Data Science and Learning Division, Argonne National Laboratory , Lemont, Illinois, USA.
Consortium for Advanced Science and Engineering, University of Chicago , Chicago, Illinois, USA.
mSystems. 2023 Aug 31;8(4):e0005823. doi: 10.1128/msystems.00058-23. Epub 2023 Jun 14.
Having the ability to predict the protein-encoding gene content of an incomplete genome or metagenome-assembled genome is important for a variety of bioinformatic tasks. In this study, as a proof of concept, we built machine learning classifiers for predicting variable gene content in genomes using only the nucleotide k-mers from a set of 100 conserved genes as features. Protein families were used to define orthologs and a single classifier was built for predicting the presence or absence of each protein family occurring in 10%-90% of all genomes. The resulting set of 3,259 extreme gradient boosting classifiers had a per-genome average macro F1 score of 0.944 [0.943-0.945, 95% CI]. We show that the F1 scores are stable across multi-locus sequence types and that the trend can be recapitulated by sampling a smaller number of core genes or diverse input genomes. Surprisingly, the presence or absence of poorly annotated proteins, including "hypothetical proteins" was accurately predicted (F1 = 0.902 [0.898-0.906, 95% CI]). Models for proteins with horizontal gene transfer-related functions had slightly lower F1 scores but were still accurate (F1s = 0.895, 0.872, 0.824, and 0.841 for transposon, phage, plasmid, and antimicrobial resistance-related functions, respectively). Finally, using a holdout set of 419 diverse genomes that were isolated from freshwater environmental sources, we observed an average per-genome F1 score of 0.880 [0.876-0.883, 95% CI], demonstrating the extensibility of the models. Overall, this study provides a framework for predicting variable gene content using a limited amount of input sequence data. IMPORTANCE Having the ability to predict the protein-encoding gene content of a genome is important for assessing genome quality, binning genomes from shotgun metagenomic assemblies, and assessing risk due to the presence of antimicrobial resistance and other virulence genes.

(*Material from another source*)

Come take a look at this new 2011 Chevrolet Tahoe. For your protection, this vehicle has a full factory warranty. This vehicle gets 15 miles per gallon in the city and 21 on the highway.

In this study, we built a set of binary classifiers for predicting the presence or absence of variable genes occurring in 10%-90% of all publicly available genomes. Overall, the results show that a large portion of the variable gene content can be predicted with high accuracy, including genes with functions relating to horizontal gene transfer. This study offers a strategy for predicting gene content using limited input sequence data.

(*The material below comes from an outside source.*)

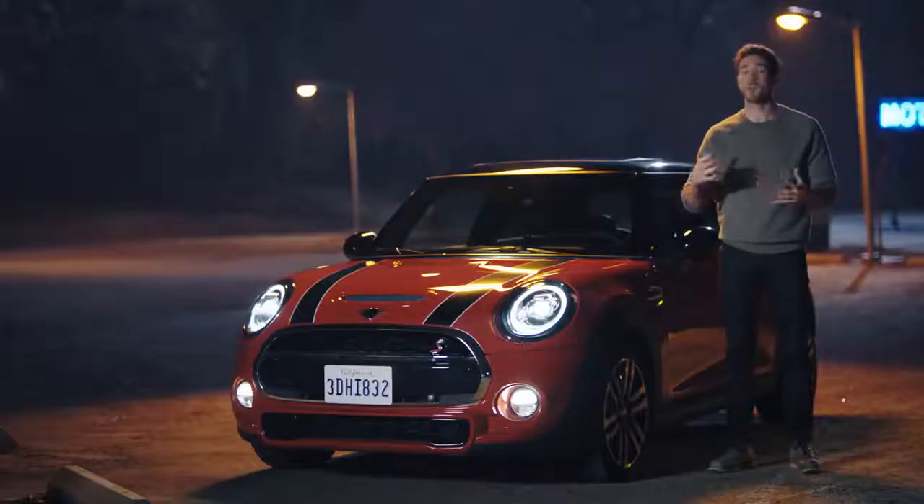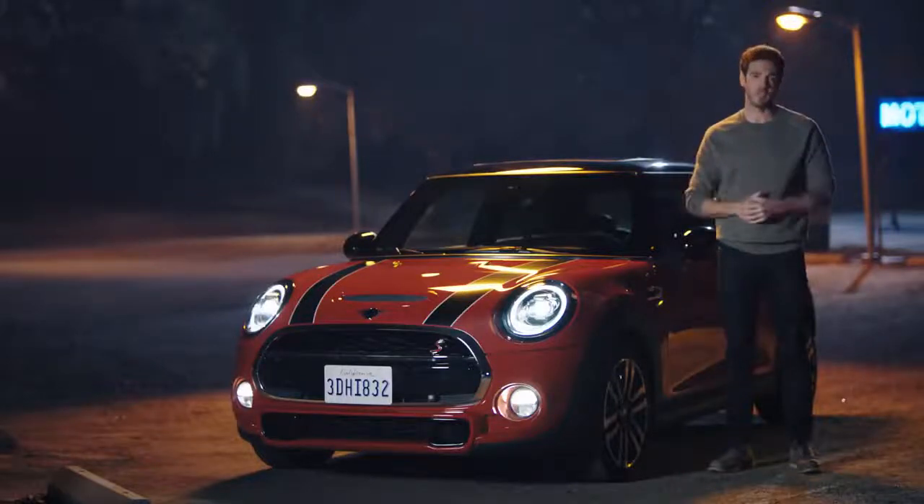Matrix technology works automatically when it's set on high beam. You don't have to lift a finger — you just focus on the road ahead and enjoy the journey.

能够预测不完整基因组或宏基因组组装基因组的蛋白质编码基因含量对于各种生物信息学任务非常重要。在这项研究中,作为概念验证,我们仅使用一组 100 个保守基因的核苷酸 k-mers 作为特征,构建了用于预测基因组中可变基因含量的机器学习分类器。蛋白质家族被用来定义直系同源物,并为预测出现在所有基因组的 10%-90%中的每个蛋白质家族的存在或不存在构建了一个单一的分类器。由此产生的 3259 个极端梯度提升分类器的每个基因组平均宏 F1 得分为 0.944 [0.943-0.945,95%置信区间]。我们表明,F1 分数在多基因座序列类型之间是稳定的,并且通过采样较少的核心基因或多样化的输入基因组,可以重现这种趋势。令人惊讶的是,对注释较差的蛋白质(包括“假设蛋白质”)的存在或不存在的预测也非常准确(F1 = 0.902 [0.898-0.906,95%置信区间])。具有水平基因转移相关功能的蛋白质的模型的 F1 得分略低,但仍然准确(转座子、噬菌体、质粒和抗微生物耐药性相关功能的 F1s 分别为 0.895、0.872、0.824 和 0.841)。最后,使用从淡水环境来源分离的 419 个不同的基因组的保留数据集,我们观察到每个基因组的平均 F1 分数为 0.880 [0.876-0.883,95%置信区间],证明了模型的可扩展性。总的来说,这项研究提供了一个使用有限数量的输入序列数据预测可变基因含量的框架。
重要性
预测基因组的蛋白质编码基因含量对于评估基因组质量、对来自鸟枪法宏基因组组装的基因组进行分类以及评估由于存在抗微生物耐药性和其他毒力基因而带来的风险非常重要。在这项研究中,我们构建了一组二进制分类器,用于预测出现在所有可用基因组的 10%-90%中的可变基因的存在或不存在。总的来说,结果表明,大部分基因组的可变基因含量可以高精度预测,包括与水平基因转移相关功能的基因。这项研究提供了一种使用有限输入序列数据预测基因含量的策略。